The MoJ is a disaster area. Today, every part of the criminal justice system is in deep crisis, as a direct result of a decade of disastrous cuts made by Tory Ministers, exacerbated by civil service mismanagement. All of it pre-dating COVID – no hiding behind the pandemic.

MoJ finances have been appallingly managed, with a continuing overspend of £1bn ever since 2015, and the NAO show that even an extra £2bn a year has STILL left the Department overspending. The Tories cut prison staff by a third, criminal legal aid by a third, CPS budget by a third, police numbers by 22, 000. Officials have botched project after project, including many designed to yield cost efficiencies: privatisation of probation was a disaster requiring emergency renationalisation, likewise FM with the collapse of Carillion, the 2016 programme to build 9 new prisons and open 5 by 2020 produced not a single one, as MoJ and HMT shuffled paper in doomed attempt to buy them on tick (PFI), the cost of Glen Parva new prison ballooned by 70%, the Oasis secure school is delayed by uncertainty about charitable status, MoJ failed to stop SERCO and G4S stealing £200m of public money and then covered up their own incompetence, successive attempts to procure new tagging contracts collapsed, the court transformation programme has slipped, savings are not being achieved and forced reliance on online hearings as courts are sold off to save money is disadvantaging the most vulnerable, nearly 1 in 4 legal aid firms have quit. Even now, the NAO report, a majority of MoJ's key projects are rated as amber or red. The results: prison violence and self-harm soared threefold, the court backlog was already 600,000 before COVID struck and cases are  now being listed two years ahead, police clear up rates are at the lowest recorded, only 1 recorded crime in 12 resulting in charge or summons, far fewer if you count crimes not reported. The system is broken.

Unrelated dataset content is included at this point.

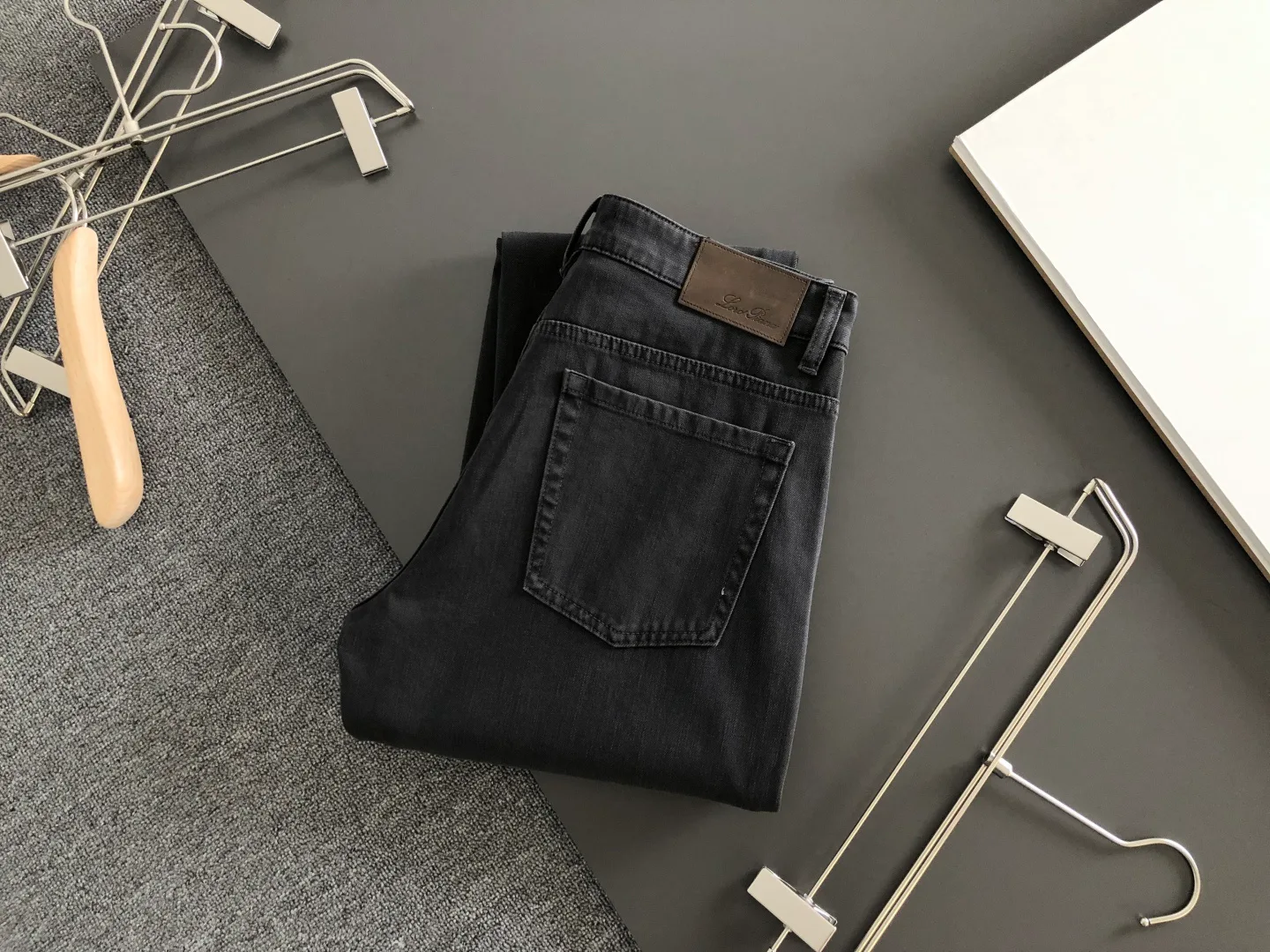 Джинсы Мужские Loro Piana 11683955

The MoJ isn’t just troubled: it has become the very emblem of the UK as a failed State. The case for a fundamental review of the working of the CJS is urgent as never before. Billions are needed to restore basic functioning. But the promised (but much delayed) Rotal Commission will take place at a moment when due to the monstrous economic  self harm of Brexit (another Tory triumph),  as well as the downturn due to COVID, and coming soon, the possible breakaway of Scotland from the UK, prompted by Tory indifference to the Union, there will be no possibility whatsoever of big, sustainable increased spending on criminal justice. Moreover all the Tories know how to do is endless ratchet up demand on prisons, the most costly, least worthwhile element of the CJS to put new money into. We are up shit creek without a paddle and the captain, ‘Unacceptable’ Buckland, doesn’t even know it.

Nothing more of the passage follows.